The European Union and public opinion are set to change radically the plastics industry, by requiring waste plastic collection and recycling.  But will this be good or bad for the emerging bioplastics industry?

The public has become acutely aware of waste plastic in the world’s oceans with dire predictions like  by 2050 oceans are expected to contain more plastics than fish (by weight)’[1].  At first it was plastic micro beads but now concern has spread to all plastic packaging. A petition in the UK to ban non recyclable/non-compostable packaging[2] has gained over 84,000 signatures.

International brands are reacting too. Unilever recently committed to using 100% recyclable packaging by 2025. P&G has announced a limited edition of Head and Shoulders hair shampoo in a bottle made from beach plastic.

The European Commission published a “Strategy on Plastics in a circular economy”, [3]which seeks to decouple plastics production from virgin fossil feedstock, reduce life-cycle GHG impacts, increase the uptake of plastic recycling and reduce plastic leakage into the environment. The potential benefits of biodegradable plastics are recognised, but qualified with warnings that they might discourage recycling. In fact bioplastics fit well into a strategy for plastic packaging, which has to contain more options that just recycling.

The Ellen MacArthur Foundation has examined the problem of waste plastic in detail in a new report, The New Plastics Economy Catalysing action 2. The report shone a light on two important issues that are often overlooked in the discussions about plastics recycling. The first is that small items (40-70 mm) make up about 10% by weight of plastic packaging but pass by recycling sorting machines and go direct to landfill. These items (sweet wrappers, fastenings, lids, sachets, caps), are so light that some are blown out of tipping areas of landfills and into the environment. The report proposes that these small items should be redesigned to remove this problem. Furthermore it makes sense that if they can’t be redesigned, they should be made from biodegradable polymers, so when they end up in the environment, they biodegrade. Biodegradable polymers are usually made from biomass so this would provide a new market for bio-based plastics. This solution is already on the market for micro-beads[4].

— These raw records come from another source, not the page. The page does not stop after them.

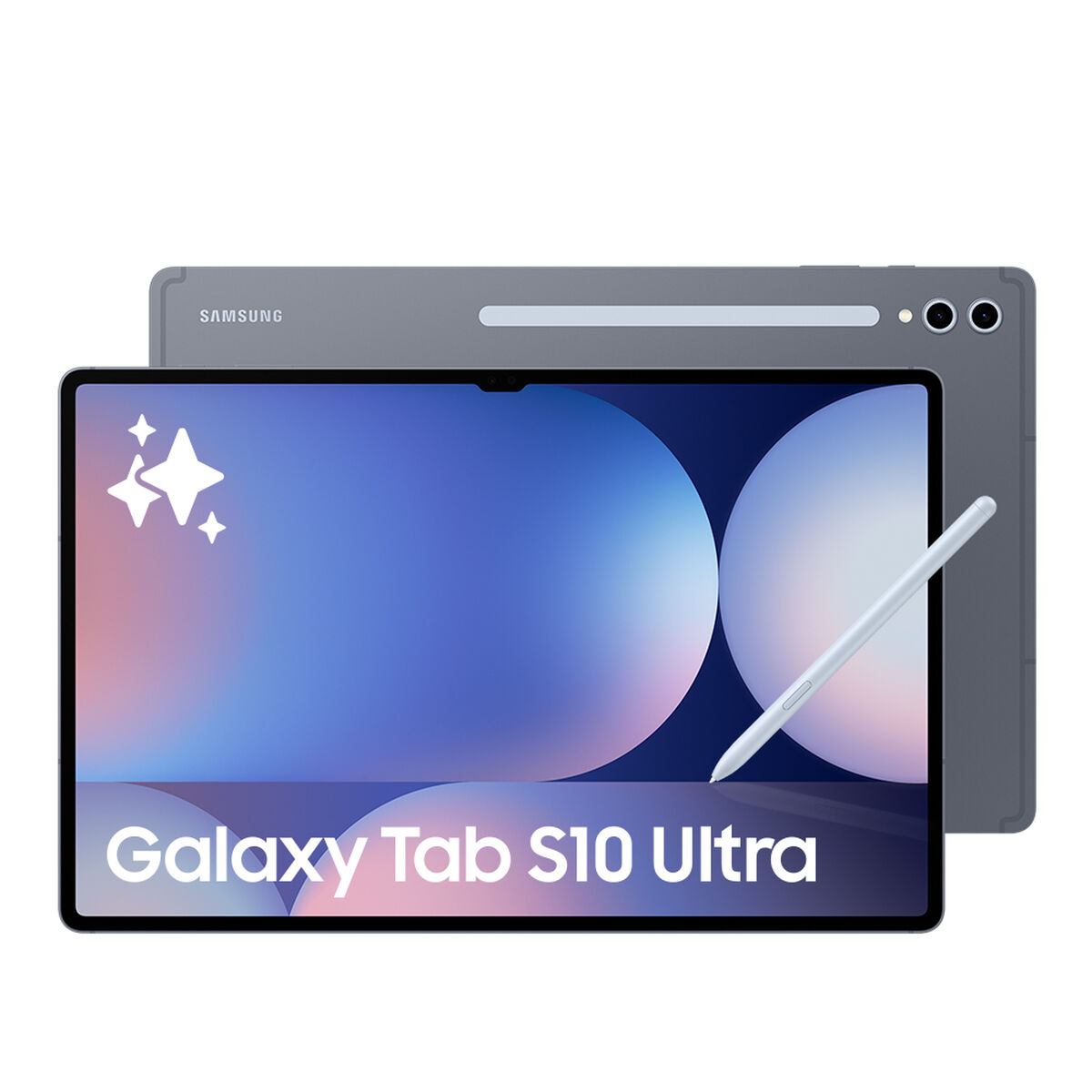 Quicky's Product Image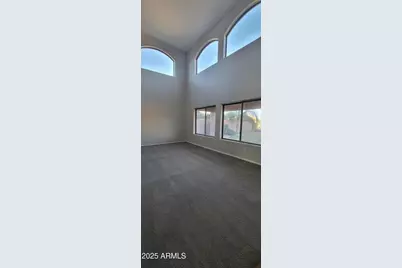 29643 N Gecko Trail, San Tan Valley, AZ 85143 - Photo 13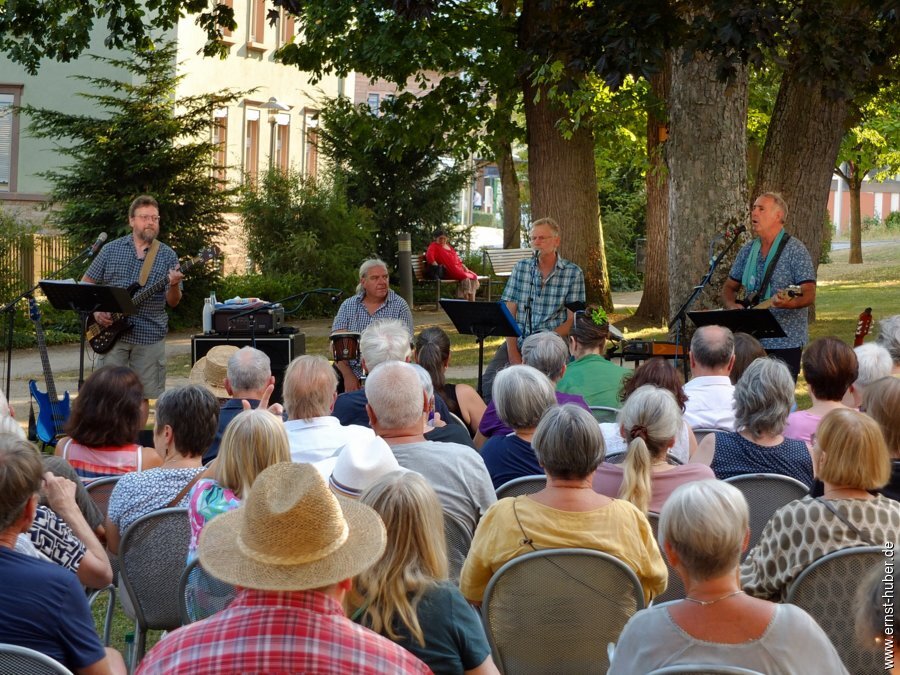 timeformusic___002.jpg
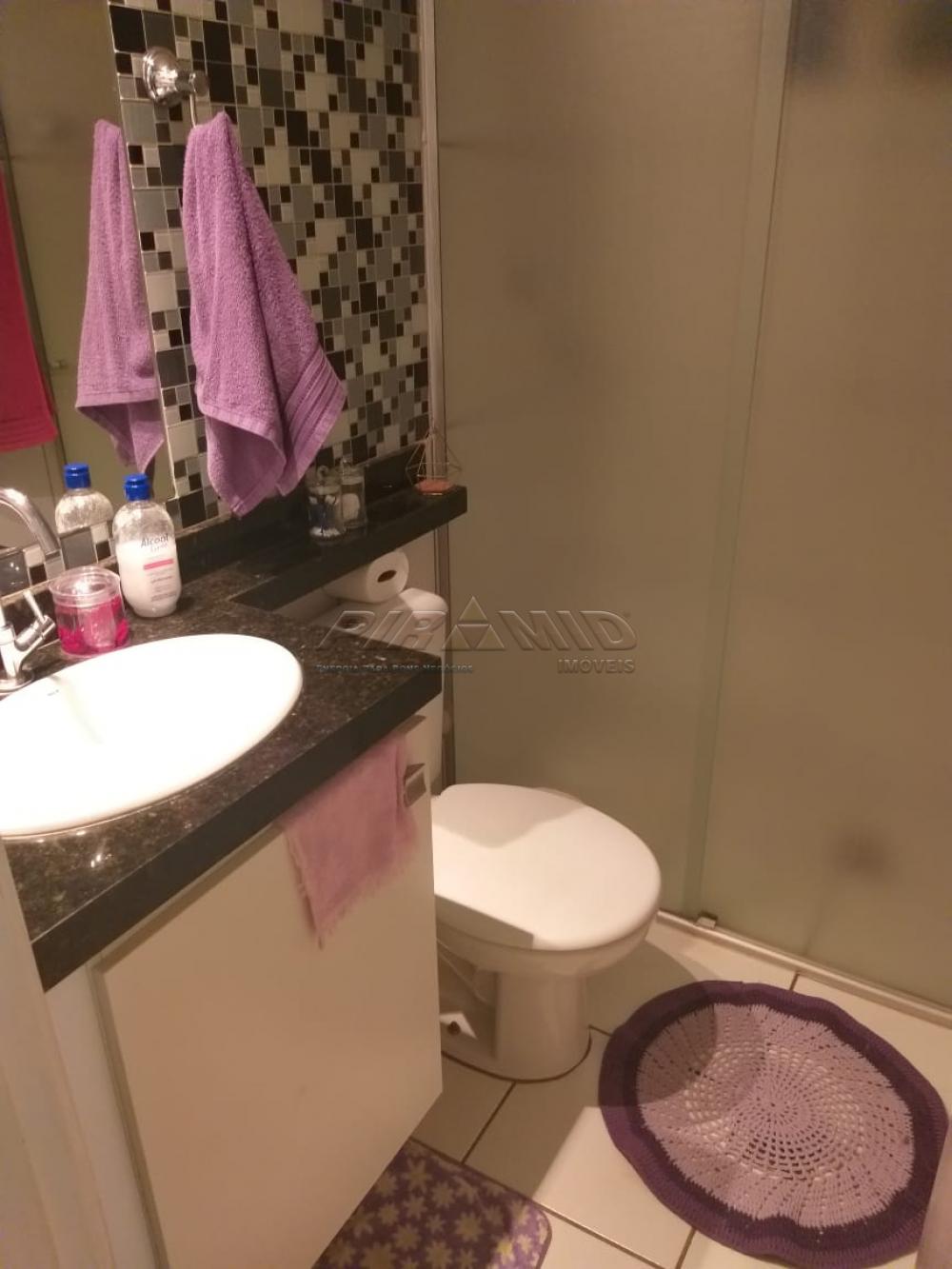 Comprar Apartamento / Padrão em Ribeirão Preto R$ 180.000,00 - Foto 5 Comprar Apartamento / Padrão em Ribeirão Preto R$ 180.000,00 - Foto 5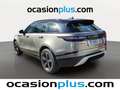 Land Rover Range Rover Velar 2.0D R-Dynamic S 4WD Aut. 180 Gris - thumbnail 3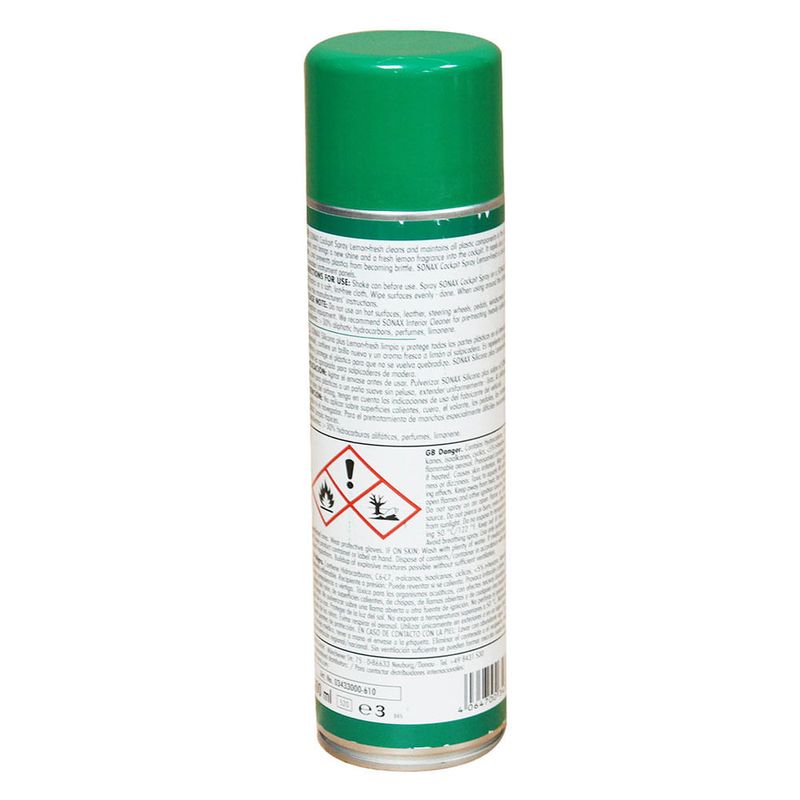 SILICONA-SONAX-400ML-LIMON-SILICONA-SONAX-3-33010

Another important finding is that many waste food containers can’t be economically recycled because they are too contaminated with residual food. The report proposes that certain food containers should be compostable with food waste. Compostable polymers like PLA (polylactic acid) are made from biomass and are already commercially available[5]. They just need a regulatory pull to scale up further.

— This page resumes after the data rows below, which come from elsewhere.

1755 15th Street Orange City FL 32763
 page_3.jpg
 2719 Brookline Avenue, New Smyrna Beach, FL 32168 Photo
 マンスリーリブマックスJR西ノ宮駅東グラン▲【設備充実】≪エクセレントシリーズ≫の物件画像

So there is a rationale that bio-based compostable and biodegradable plastics have a place in the framework for tackling waste plastic. Some governments are already introducing exemptions for these plastics in their new packaging regulation.

There is another type of bioplastic. They are designed to be ‘drop-in’ replacements for the most common types of durable fossil plastic. These durable plastics will always be needed for packaging applications where compostable or biodegradable plastics are not suitable.

Drop-in bioplastics such as green PE (polyethylene)[6] made from sugarcane can be recycled with their fossil counterparts, with the added benefit that they have a much lower carbon footprint. This becomes important when plastics eventually need to be disposed of, as they can only be recycled a finite number of times.  Disposal routes, other than landfill, involve some type of incineration or burning which result in the emissions of the greenhouse gas carbon dioxide. When bioplastics are burned, the CO2 emitted is that which was absorbed from the atmosphere during the growth of the original plant biomass. This means that incinerating bioplastics results in a much lower net gain in atmospheric CO2, than burning fossil plastic.

So for a lower environmental impact, drop-in, biodegradable and compostable bio-plastics are head and shoulders above conventional plastics. 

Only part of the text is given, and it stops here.